There are autosensing 10/100 hubs meaning you can run both speeds on your network. The speed would be determined by the slowest common denominator on one side of the file transfer. In other words, if two PC's are transferring data with 100 meg cards then they would be 100 meg but if one is 10 meg they would only be transferring as fast as that one could send or recieve. Thats assuming no on else is transferring data because a hub shares the bandwidth vs a switch which is dedicated at each port. Also, these network BBS's are littered with troublecalls about problems that are caused by these autosensing hubs not doing what they advertise doing. Invariably forcing 10 meg on the 10/100 NIC's will solve the ills so its not perfect by any means, especially with cheap 10/100 hubs, but its possible to have a mixed network and get the full pull from a 100mb card on a network with some 10mb NIC's.
 
A 10/100 hub will set all ports to the speed of the slowest device. A 10/100 switching hub will allow each port to autosense independently (while still broadcasting traffic to all ports). A 10/100 switch will allow each port to autosense independently, but traffic will only be sent to the port for which it is intended, creating separate collision domains.
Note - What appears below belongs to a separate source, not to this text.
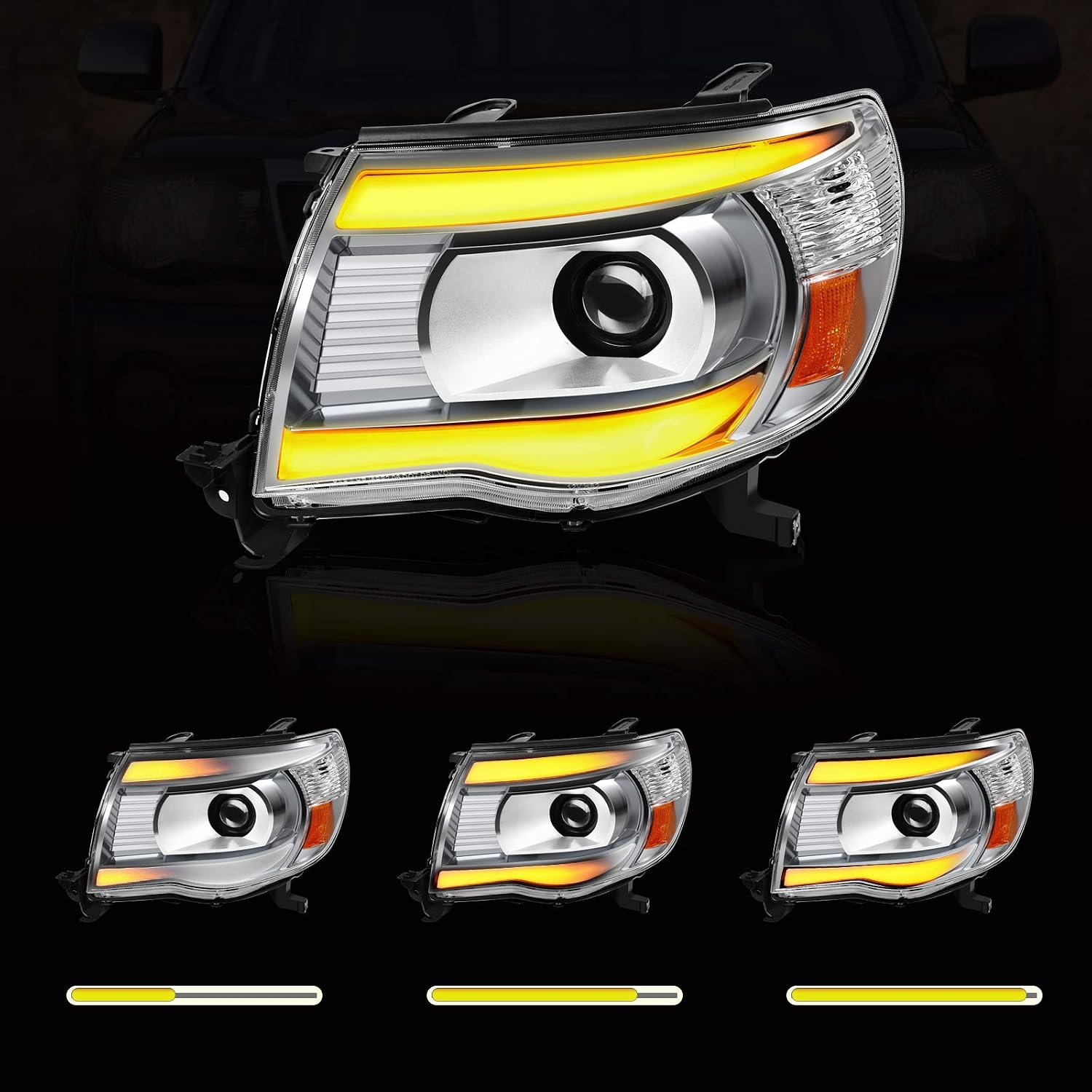 DWVO Projector Headlights Assembly Compatible with Tacoma 2005 2006 2007 2008 2009 2010 2011 Sequential Turn Signal Lights LED DRL Headlamp Chrome Housing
The speed that a given device will be able to communicate with another is as slow as the slowest link along the way. It would work like this:

Let's say we've got 3 PCs, PC A is 10Mb, PCs B and C are both 100Mb. The speeds for communication using the various devices would be like this:

10/100 Hub:
A to B - 10
A to C - 10
B to C - 10

10/100 Switching Hub:
A to B - 10
A to C - 10
B to C - 100

10/100 Switch:
A to B - 10
A to C - 10
B to C - 100

You can see that on the hub, PC A knocks everyone down to 10 Mb, whereas on the switching devices, only communication with PC is limited to 10. On the switching hub, PC A can see the communication between B and C but ignores it, on the switch, it can't even see it.
 
Thank you for your explanation, nettech98! I smell FAQ material 🙂

I'm left with one question, however: I've actually never seen a switching hub, just hubs and switches, are switching hubs just rare?
 
Interesting. I obviously thought otherwise but I never really did any research on it or benched it. I'll check out the speeds of our mixed network at the office.

Yeah, looked around. Nothing that actually said that this was the case but in a "not so many words" deal. Still would like to read it in print specifically but does look like all ports must be running at 100 Mb for any to work at 100Mb. Bummer huh?